The snub underlines Arab divisions over the Tripoli-based government, whose legitimacy is contested by a rival administration in the war-scarred country’s east.

Regional heavyweights Egypt, Saudi Arabia and the United Arab Emirates were not represented at all at the gathering — a preparatory session ahead of a foreign ministers’ meeting in Cairo.

Four members sent lower-ranking ministers or ambassadors while Arab League chief Ahmed Aboul Gheit was also absent.

Najla al-Mangoush, foreign minister in the Tripoli-based administration, condemned what she called “attempts by certain sides to crush Libyans’ desire to transform Arab solidarity into a reality”.

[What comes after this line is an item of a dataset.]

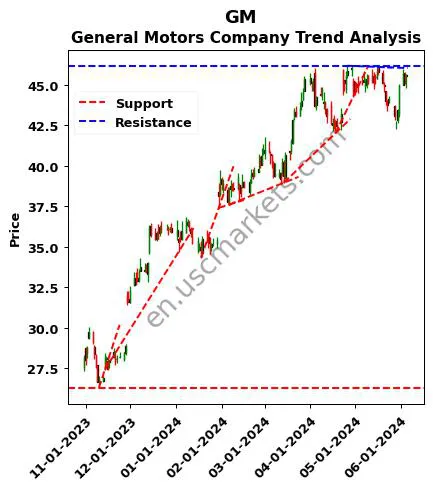 GM review General Motors Company technical analysis trend chart GM price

Libya, which holds the rotating presidency of the organisation, is “determined to play its role in the Arab League (and) rejects any attempt to politicise the League’s founding documents,” she said.

Libya fell into a decade of violence following the 2011 overthrow of dictator Moamer Kadhafi in a NATO-backed rebellion.

The resulting power grab gave rise to myriad home-grown militias and prompted interventions by Arab powers as well as Turkey, Russia and Western states.

Since March last year, an administration in Libya’s east backed by military leader Khalifa Haftar — who has been close to Russia and Egypt — has challenged the government of Prime Minister Abdulhamid Dbeibah, arguing it has outlived its mandate.

The head of the rival government thanked Egypt, Saudi Arabia and the UAE for “declining to take part in the theatrics through which the expired government tried to portray itself as being internationally recognised.”

In a tweet, Fathi Bashagha also urged Libya’s western neighbours Algeria and Tunisia, who did send foreign ministers to the meeting, to “review their policies towards Libya and not to be fooled by a government whose mandate has ended”.

The Tripoli-based unity government was the product of a United Nations-mediated peace process following the country’s last major battle in 2020.